*** Block opens ***

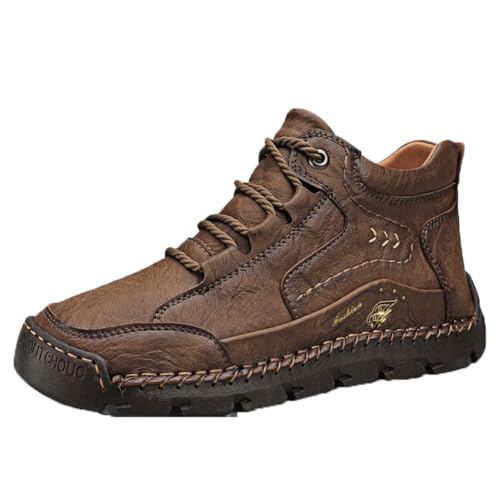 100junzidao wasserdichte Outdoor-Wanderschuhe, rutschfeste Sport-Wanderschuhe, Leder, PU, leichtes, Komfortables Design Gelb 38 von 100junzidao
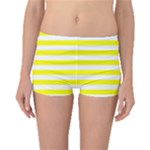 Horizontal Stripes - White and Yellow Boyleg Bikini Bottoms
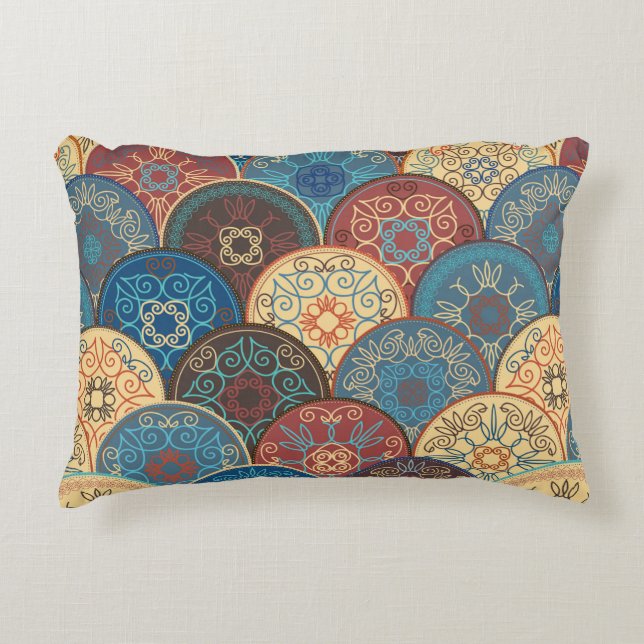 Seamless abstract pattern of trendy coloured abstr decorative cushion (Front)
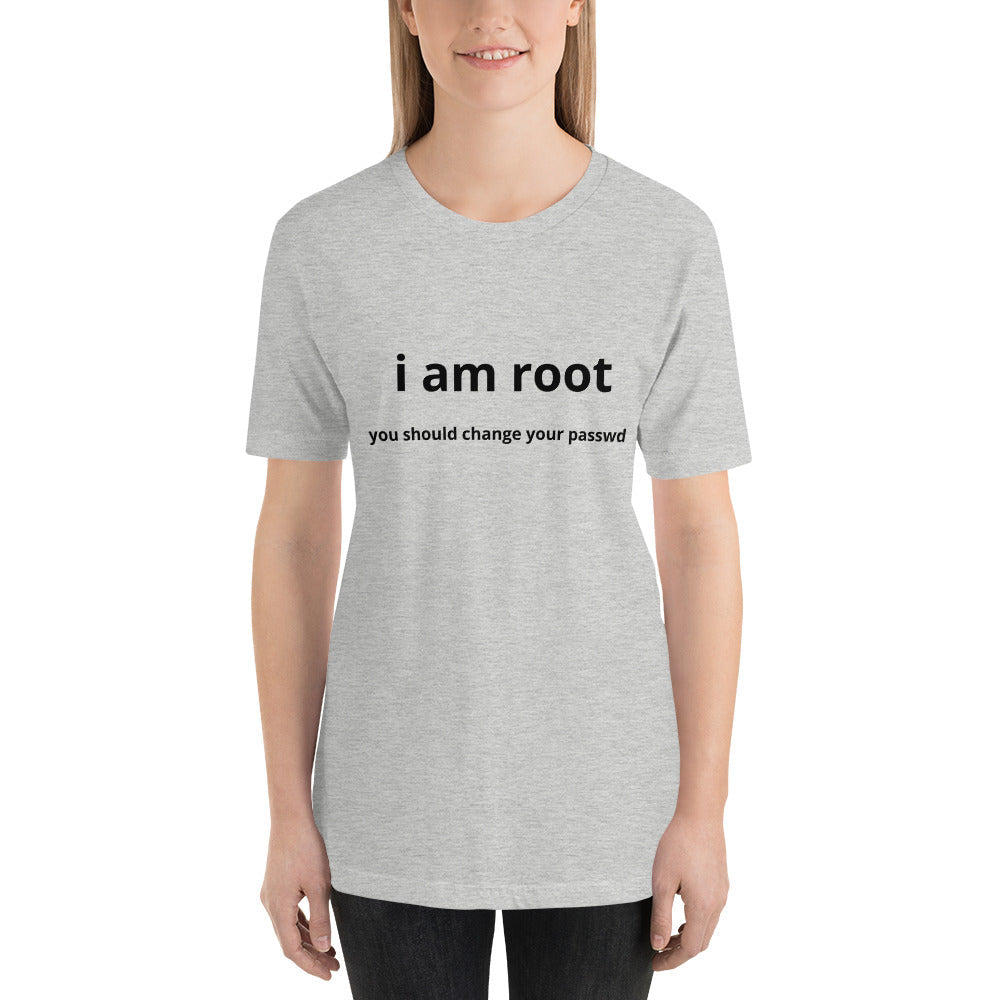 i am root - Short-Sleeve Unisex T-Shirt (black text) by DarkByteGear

*** Block closes ***

The problem: Give back exactly the lines from the one containing "Horizontal Stripes - White" through the last line above, both included, and none of the pictures.

Answer to this task:
 Horizontal Stripes - White and Yellow Boyleg Bikini Bottoms
 Seamless abstract pattern of trendy coloured abstr decorative cushion (Front)
 i am root - Short-Sleeve Unisex T-Shirt (black text) by DarkByteGear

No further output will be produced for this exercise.